Step 10 of the 12-step program focuses on taking personal inventory and, where needed, admitting wrongdoing. The first nine steps of the process prepare the way for step 10 and beyond. Building on this pattern of life is important for maintaining sobriety for the long haul.
Self-evaluation is an important part of recovery. A daily examen, or inventory, of an individual’s life is helpful when seeking to make amends. Taking inventory is a sort of self-seeking opportunity to discern thoughts, feelings, motivations and beliefs. Denial and complacency can set in when a person is not able to see any wrong done on their part towards others. Old behaviors and patterns can easily begin to emerge when there is no conscious effort to focus on others above self. Humility and courage are required to delve deep into one’s own psyche and examine just what actions or beliefs need to be worked on in order to bring about positive change.
The most growth and progress happens in this part of step 10, admitting wrongdoing against another. As a daily part of life, seeking forgiveness comes only after admitting a wrong and setting to make it right. Character is built on the refining fires of daily asking loved ones and friends to set things right and keep moving forward.

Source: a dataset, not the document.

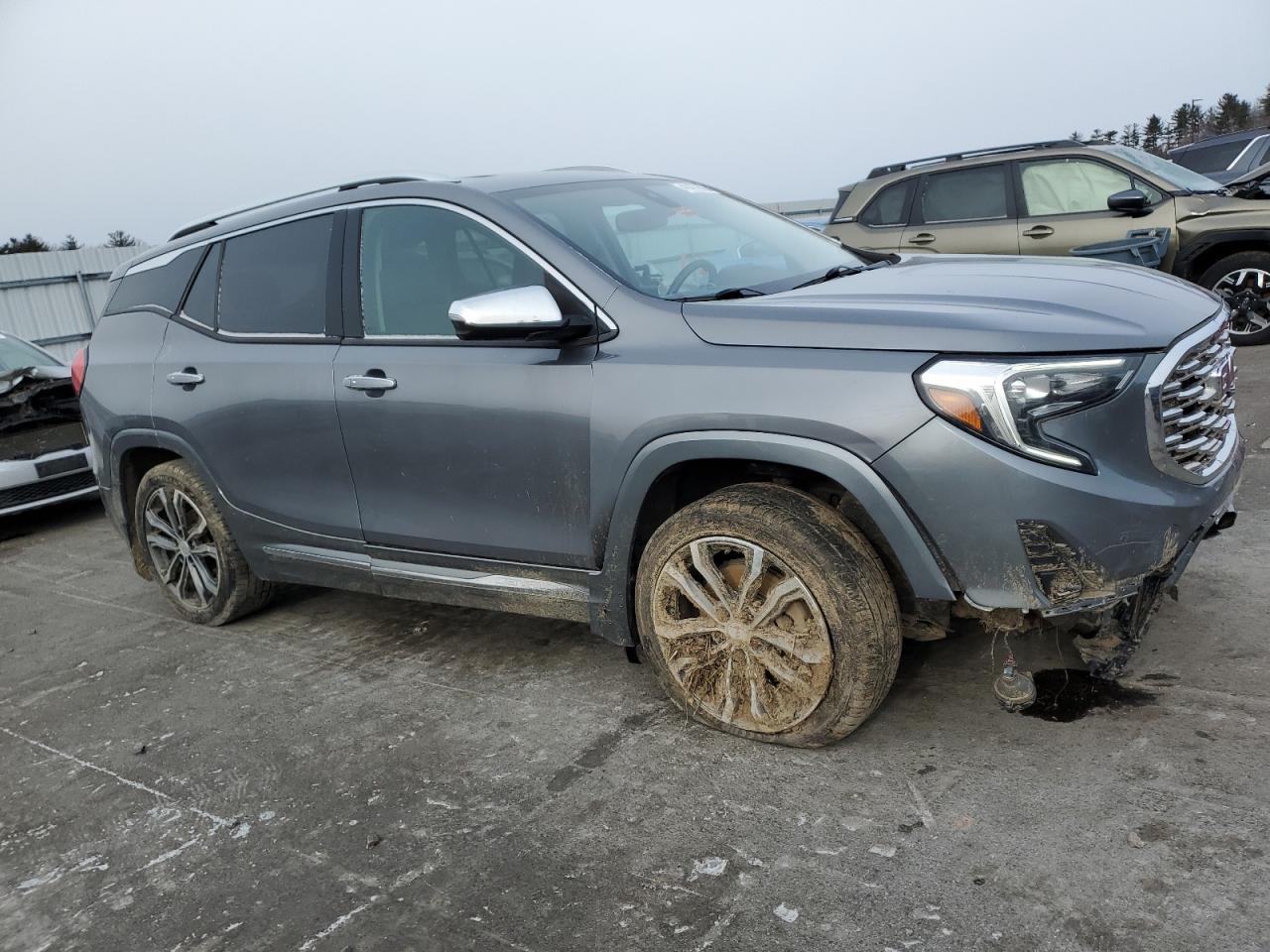 2018 GMC Terrain - Image 4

Some helpful hints when working through Step 10 might include a mindfulness practice of breathing slowly and calmly before decisions are made. Quick tempers and flashes of anger occur without much thought, therefore it is important to slow down, breathe, take a step back and reflect on the current situation before a burst of anger appears. When wrongdoing occurs, admit it freely and openly and offer to make amends. Letting things settle for too long can bring about hurt and resentment. Make a point of not allowing this to happen by dealing with it as it happens rather than letting it fester. Step 10 is a process of progress, not perfection. Expect that not everyone will want to make amends or accept an apology but know that all was done to make things right.
All of the steps in a 12-step program are based, in part, on letting go of control. In step 10, there is no guarantee anyone will receive an apology freely given. However, it is still up to each individual to take inventory of where wrongdoing occurred and, for themselves, decide to do what is right and go to the person wronged to admit what happened. Awareness is a key factor in this step, in that not everything which occurs needs apologizing for, rather it is about being mindful of how actions and behaviors cause harm to self and others. With awareness comes growth and opportunities to become better, day by day, are what recovery is all about.